試用期間中の解雇では、この二つの要件が、前述の「解約権留保付労働契約」の趣旨に照らして判断されます。つまり、「採用時には知り得なかった、従業員としての適格性を欠く重大な事実が判明し、それをもって本採用に進まない(解雇する)ことが、客観的に見て合理的であり、社会の常識からしても仕方がない」と認められる場合に限り、解雇は有効となるのです。 

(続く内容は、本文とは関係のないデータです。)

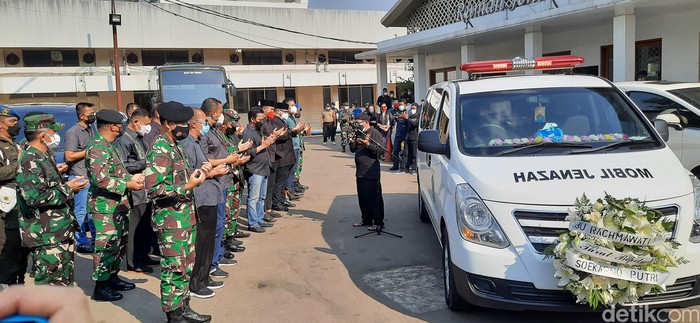 Mobil yang membawa jenazah Rachmawati Soekarnoputri dari RSPAD Gatot Soebroto ke TPU Karet Bivak. (Yogi Ernes/detikcom)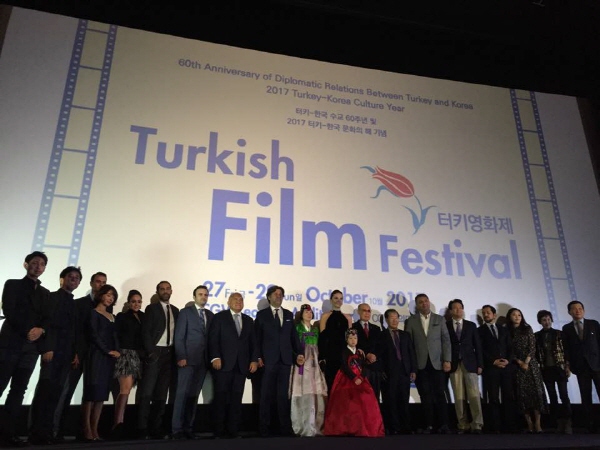  제1회 터키 영화제 개막작 <아일라> 상영관에서 출연진들이 기념사진을 촬영하고 있다.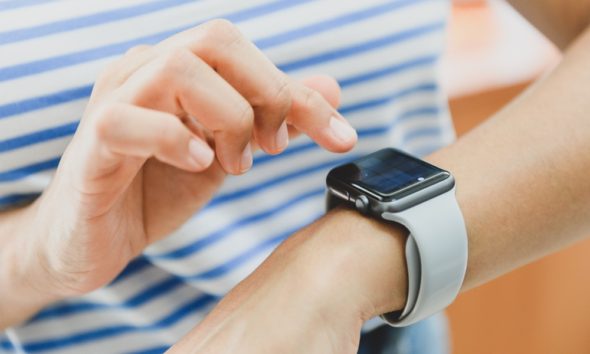 Meriv çawa bang, peyam, an e-nameyek ji Apple Watch li iPhone veguherîne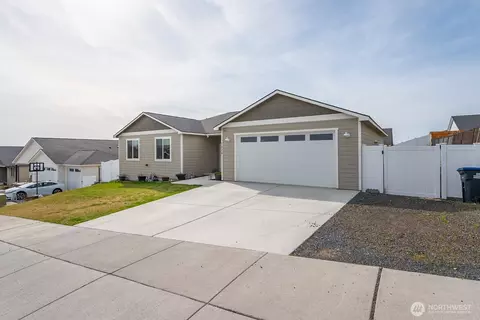 1329 W Bonneville St, Moses Lake, WA 98837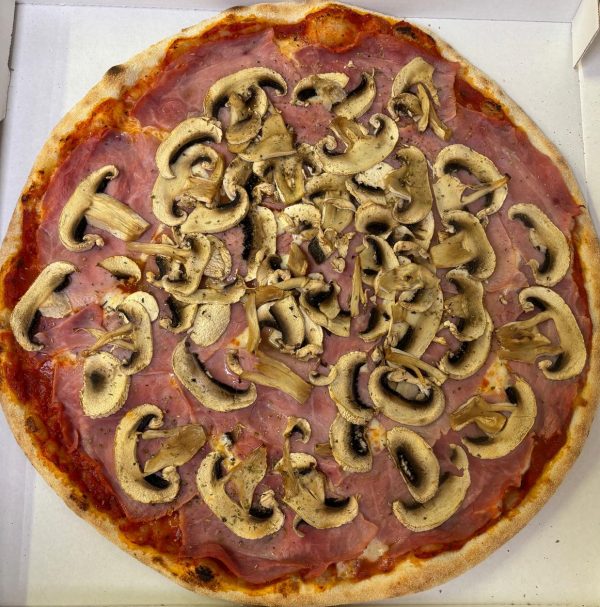 Pizza Prosciutto e Funghi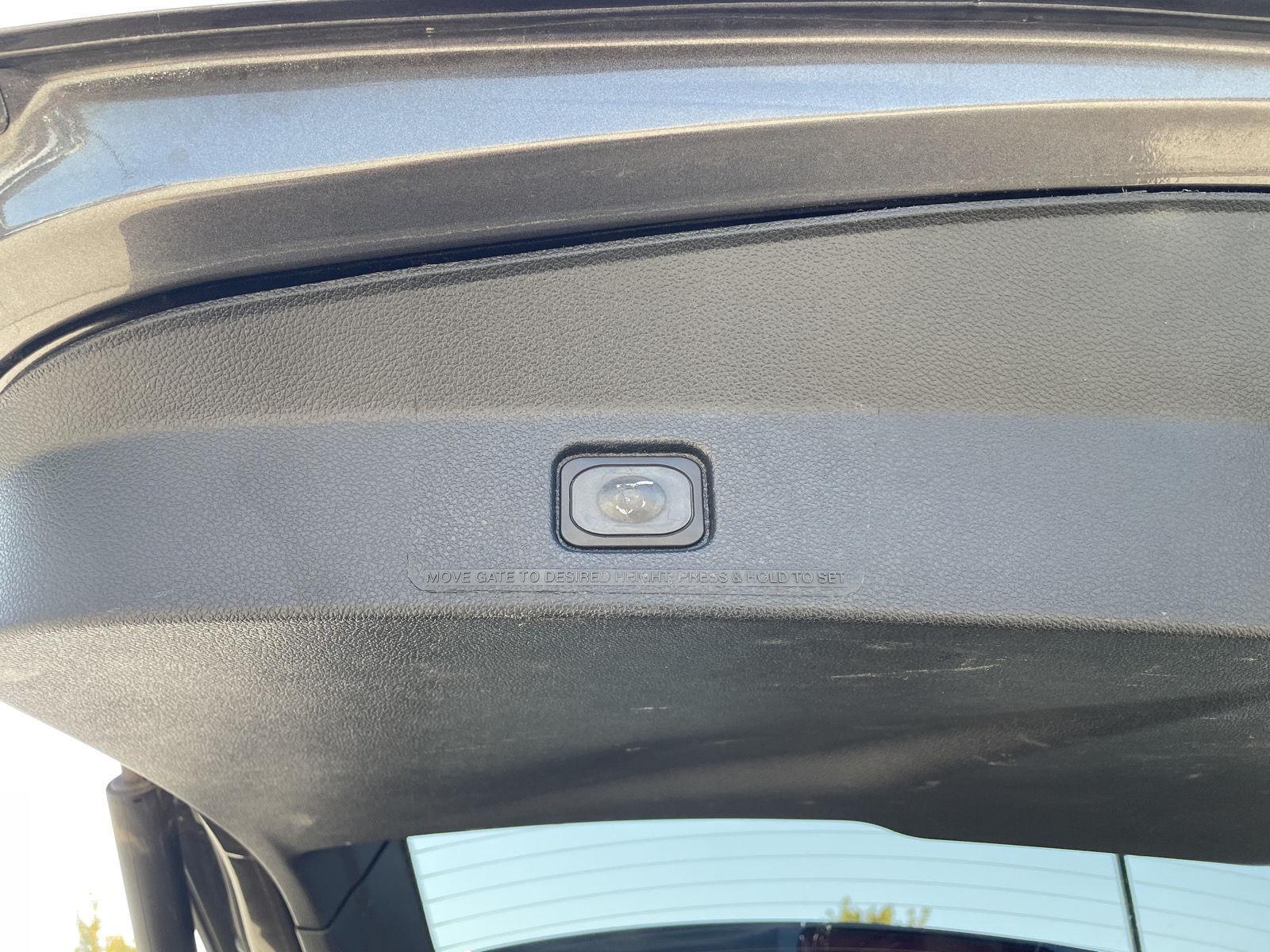 Vehicle photo 38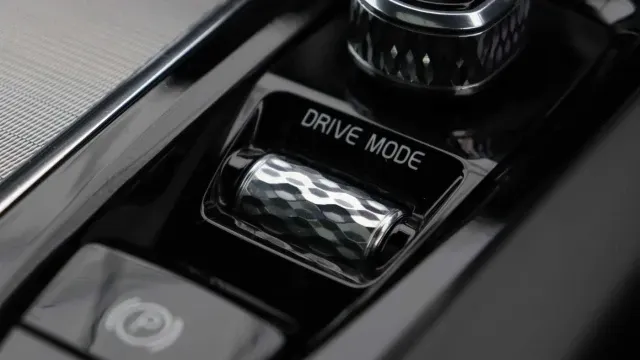 Vehicle Thumbnail 28
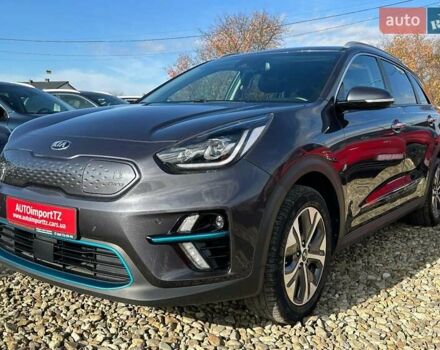 Сірий Кіа Niro, об'ємом двигуна 0 л та пробігом 100 тис. км за 21900 $, фото 18 на Automoto.ua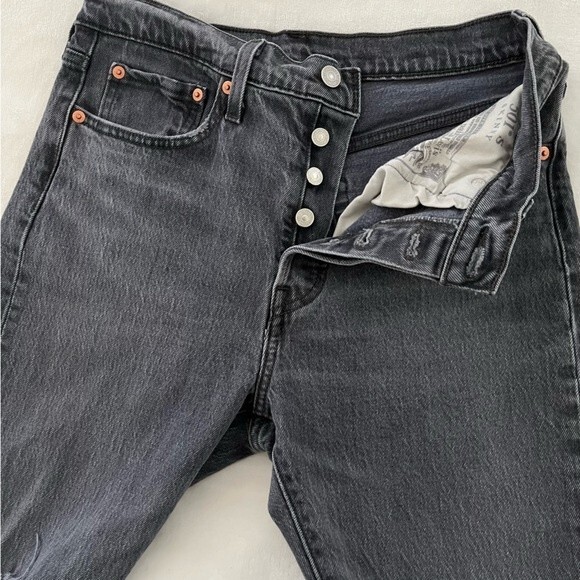 Levi's 501 High Rise Skinny Jeans Black with Distressed Knee, Size 28 NWOT - Picture 6 of 10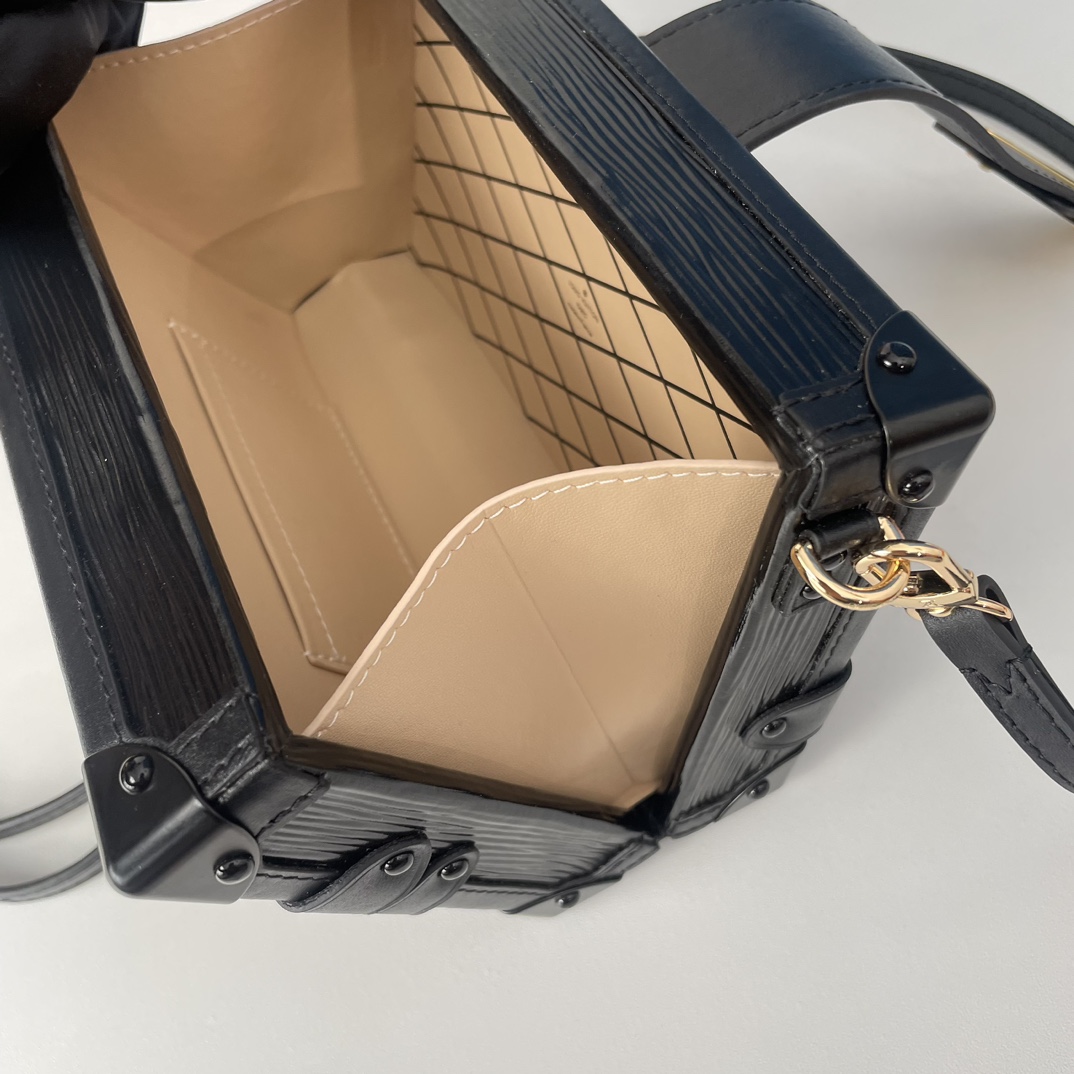 Louis Vuitton Petite Malle     M59179 - PerfectKickZ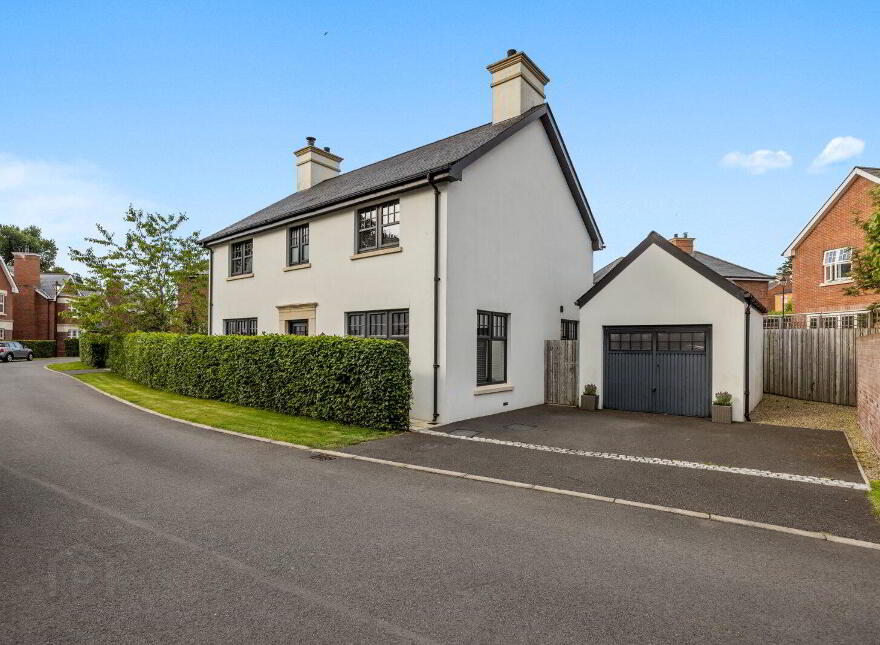 3 Haddo Woods, Belvoir Park, Belfast, BT8 8FS
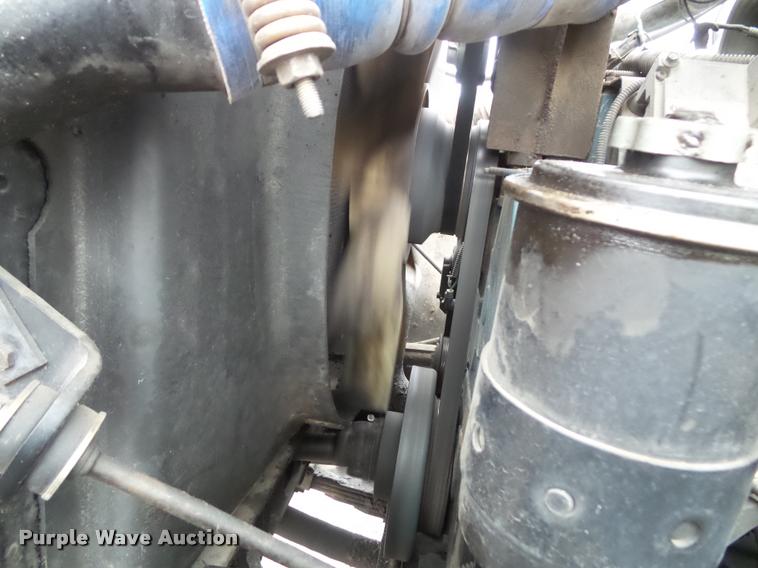 image for item K3678 2002 International F2574 flatbed truck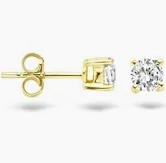 Oorknoppen 7128YZI - 14k Geelgoud met zirkonia
De witte zirkonia’s met een doorsnede van 3 mm in 14k geelgouden chaton zetting geven een mooie sprankeling aan deze elegante oorknoppen. De subtiele knopjes gaan heel goed samen met andere (oor)sieraden uit onze collectie.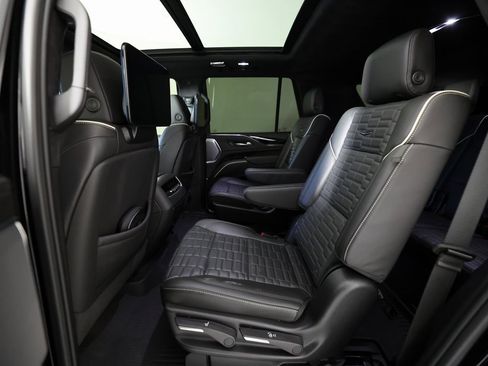 Used 2024 Cadillac Escalade V w/ LPO, ONYX Package image 16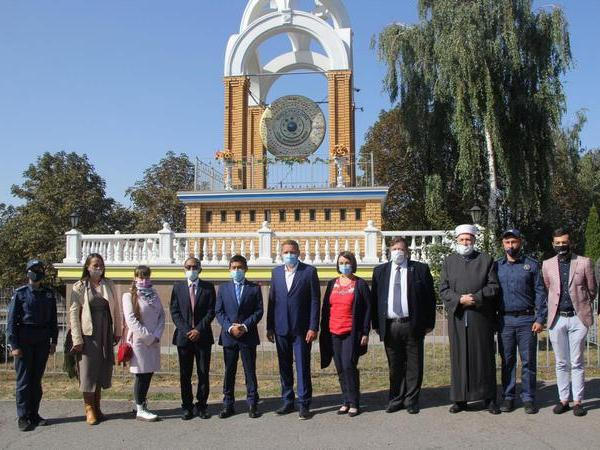 В День мира в Кременчуге традиционно прозвучал гонг мира
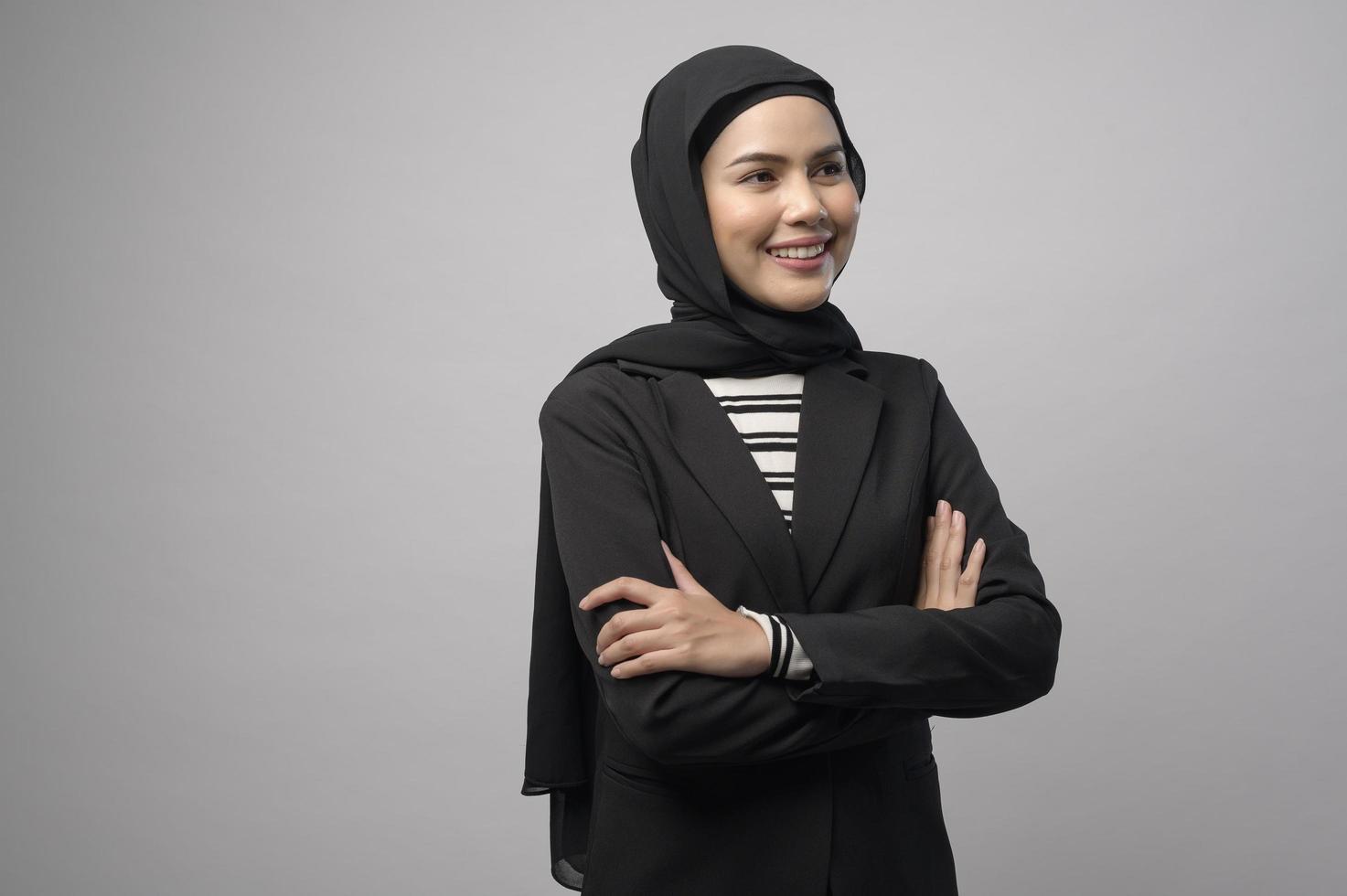 vacker affärskvinna med hijab porträtt på vit bakgrund foto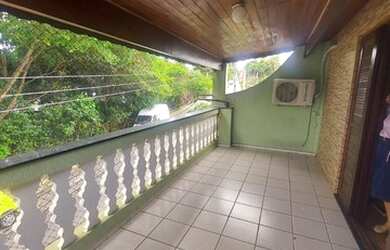 Imagem: A casa possui 3 Dormitórios, 2 Banheiros, 1 Vaga na garagem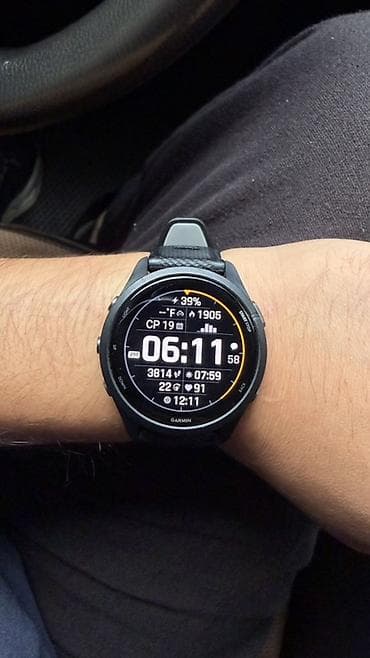 смарт: Спортивные часы Garmin (серия Forerunner 265) - Диаметр корпуса около — 1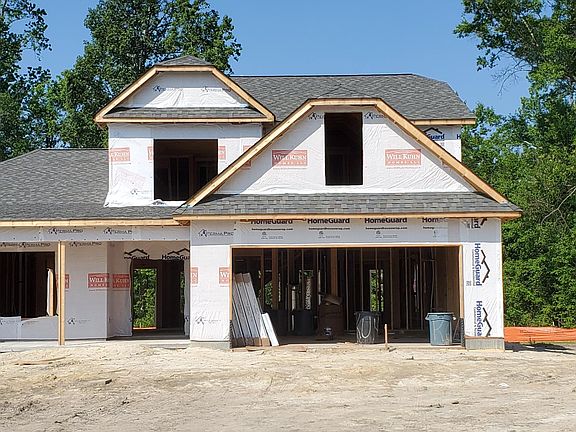 5th image of 402 Castleford Dr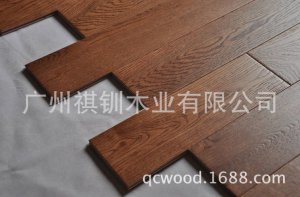 <b>格林韦圣CE认证125mm宽麦色 橡木多层实木复合地板</b>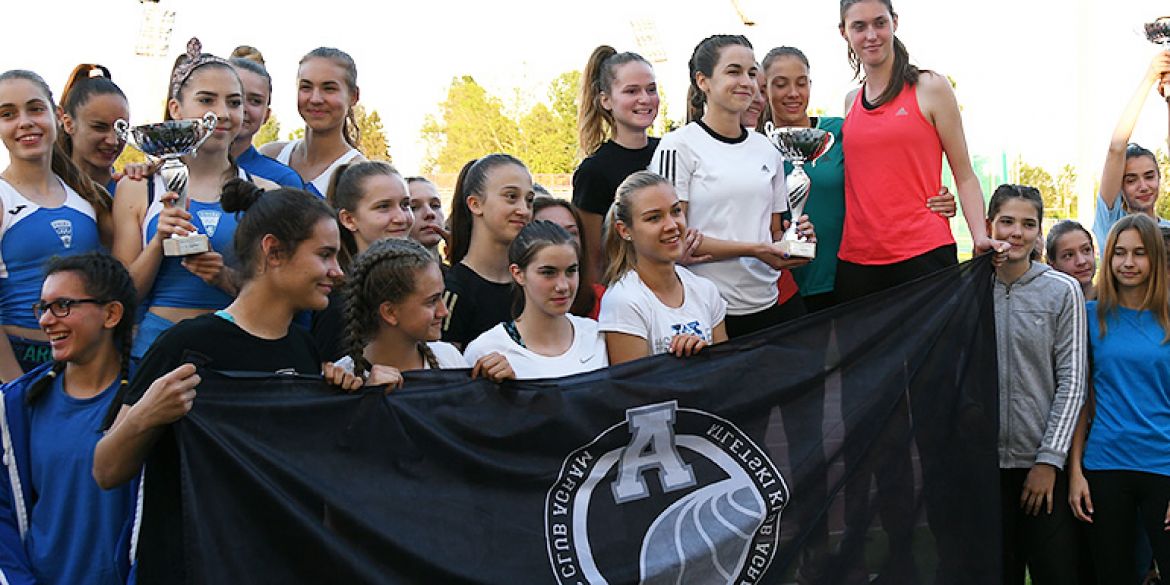 Dio juniorki na jednom od preuzimanja pobjedničkog trofeja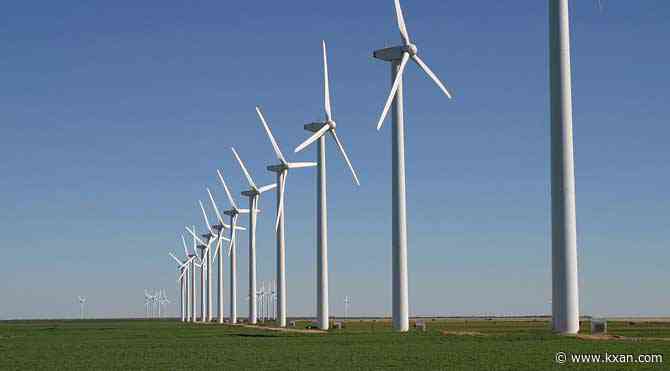 Expert says renewable energy is keeping Texans' lights on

有効な解雇 vs 無効な解雇:判例が示す具体的な境界線

では、具体的にどのような理由が「有効」または「無効」と判断されるのでしょうか。過去の裁判例は、その境界線を明確に示しています。

「無効」と判断される可能性が高い解雇理由

多くの会社が安易に解雇理由として挙げがちですが、裁判所ではほとんど認められないのが以下のケースです。

  • 抽象的な「能力不足」
    「期待していたレベルの能力に達していない」「仕事の覚えが悪い」といった理由は、それだけでは解雇理由として不十分です。試用期間は、そもそも従業員が業務に慣れ、能力を向上させるための教育・指導期間でもあります。会社には、具体的な指導や研修、改善の機会を与える義務があります。十分な指導を行わないまま、短期間で見切りをつけて解雇することは、会社の教育責任の放棄と見なされ、無効とされる可能性が高いです。判例でも、わずか3ヶ月程度の営業成績不振を理由とした解雇を「性急にすぎる」として無効としたものがあります。
  • 軽微な「勤務態度の不良」
    数回の遅刻や、業務上の些細なミスは、解雇の理由にはなりません。これらはまず、注意や指導によって改善を促すべき事柄です。改善の機会を与えず、また、他の従業員であれば口頭注意で済むようなミスを理由に解雇することは、処分のバランスを欠き、「社会通念上の相当性」がないと判断されます。
  • 主観的な「協調性の欠如」
    「社風に合わない」「上司と相性が悪い」「コミュニケーションが下手」といった、客観的な基準に基づかない主観的な評価は、解雇理由として認められません。これらは採用選考の段階で判断すべきことであり、個人の性格や価値観を理由に雇用を奪うことは許されません。
  • 研修成績の不良
    研修の成績が悪いからといって、それが直ちに実務への不適格を示すものではありません。研修はあくまで訓練の過程であり、その結果のみをもって解雇することは、合理的な理由とは言えないでしょう。

「有効」と判断されうる限定的なケース

一方で、試用期間中の解雇が正当と認められるのは、以下のような、従業員側に重大な問題があり、今後の改善も期待できない、極めて限定的な場合に限られます。

  • 重大な経歴詐称
    学歴や職歴、専門スキル、重要な資格などについて、採用の判断に決定的な影響を与えるような重大な嘘をついていたことが発覚した場合です。ただし、些細な詐称(例えば、アルバイト歴を少し長く書いた等)では、解雇理由として認められないこともあります。
  • 度重なる無断欠勤
    正当な理由なく無断欠勤を繰り返し、会社からの連絡にも応じないなど、労働契約の基本である労務提供の意思がないと判断される場合です。
  • 著しい非違行為や秩序違反
    職務上の地位を悪用した不正行為、同僚へのハラスメント、業務命令に対する執拗な拒否など、企業の秩序を著しく乱す行為があり、指導しても全く改善の見込みがない場合です。
  • 業務遂行が不可能な健康状態
    採用時に申告のなかった、あるいは予見できなかった重大な傷病により、予定されていた業務を遂行することが客観的に不可能であることが明らかになった場合です。

「本採用の拒否」という言葉の注意点

会社によっては、「解雇」という直接的な言葉を避け、「試用期間満了をもって、誠に残念ながら本採用は見送らせていただきます」といった形で通告してくることがあります。しかし、これは言葉の言い換えに過ぎません。労働者の意思に反して一方的に労働契約を終了させる行為である以上、法律上は「解雇」として扱われます。したがって、前述した解雇権濫用法理の厳格なルールが、名称に関わらず全く同じように適用されることを、強く認識しておく必要があります。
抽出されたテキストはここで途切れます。